Fue Semana Santa el tiempo para que todos aquellos viajeros que habían estado sin salir encontraran en Mompox el lugar soñado y el descanso para sus penas, penas que se derretían junto a cada gota de sudor por los 36 °C promedio diarios de temperatura, pero que les permitían limpiar el cuerpo del eterno confinamiento. Sensaciones que sin ser un forajido de lo ocurrido, así pude sentir.

Caminar por la extensa albarrada, a la sombra de los árboles de mango, mientras se observa en el camino a parejas de la mano y a niños con sus familias admirar las fachadas de cada casa colonial, se permite vivir la libertad de los días pasados antes de la llegada del gran parón. Aun cuando dentro de ese limbo e ilusión mágica solo existiera un accesorio que me golpeara con la realidad, la inseparable máscara quirúrgica.

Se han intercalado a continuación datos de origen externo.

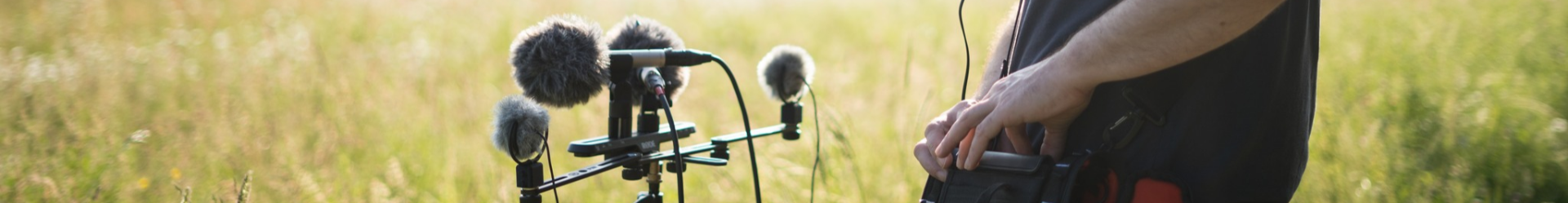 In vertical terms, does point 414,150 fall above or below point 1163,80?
above

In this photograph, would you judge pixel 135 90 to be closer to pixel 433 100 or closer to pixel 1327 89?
pixel 433 100

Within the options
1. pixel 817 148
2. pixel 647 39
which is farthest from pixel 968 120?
pixel 817 148

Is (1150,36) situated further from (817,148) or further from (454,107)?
(454,107)

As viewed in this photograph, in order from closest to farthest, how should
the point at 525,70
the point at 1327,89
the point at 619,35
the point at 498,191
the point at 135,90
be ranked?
1. the point at 525,70
2. the point at 619,35
3. the point at 498,191
4. the point at 135,90
5. the point at 1327,89

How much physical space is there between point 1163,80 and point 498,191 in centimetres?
270

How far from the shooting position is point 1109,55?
1442 mm

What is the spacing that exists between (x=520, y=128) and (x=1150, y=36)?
0.88m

Pero de lo contrario, los días durante la Semana Mayor pasaron desapercibidos a la emergencia sanitaria, siendo tan distintos a lo que, seguramente, miles de los allí presentes pudieron haber tenido meses atrás; y es que mientras se soñaba despierto a la orilla del río Magdalena, el resto del mundo seguía bajo el temor de nuevas pérdidas, tanto personales como materiales, debido a la nueva ola de contagios.

Sin embargo, dentro de ese municipio de 249,18 millas cuadradas, las personas se dieron la oportunidad de creer en que se puede tener una vida en paralelo a una crisis de tal magnitud, pues junto a la misma línea que representa la satisfacción que unos sentían al salir de sus casas, también existió un gozo para quienes los recibieron con lleno total de su capacidad hotelera. 

¿Cuál será el saldo a cobrar por parte del virus? No lo sabemos. Solo hasta conocer las nuevas cifras que en lugar de vidas, se convierten en datos que los gobernantes usan para mirar qué tan bien o qué tan mal se llevaron a cabo las medidas preventivas.  

Mientras tanto, sí puedo decir que nunca desapareció la religiosidad ni las creencias arraigadas de un pueblo fielmente católico, que sin ser desprendido a los protocolos de bioseguridad asistió a las siete iglesias que conmemoraron por separadas, pero bajo una misma fe, los días de la pasión, muerte y resurrección de Jesucristo.  

Un tiempo beatífico tan radicado en el aura de un pueblo que hasta el mismo cielo lo sabe, y que junto a sus nubes no deja de asistir a cada día santo, porque como entre momposinos se dice, no hay Viernes Santo que no llueva. Ni Jueves Santo que los muertos dejen de recibir una solemne serenata de música sacra interpretada por la banda local.

Pero hasta aquí llegan las palabras de ese sueño, que entre bien y mal soñado, tuvo un viaje sobre el Magdalena, en tiempos de una regeneración completa de fe cristiana y pesares mundanos de una vida cotidiana que sobre estas aguas lanza manotazos de auxilio para seguir sobreviviendo.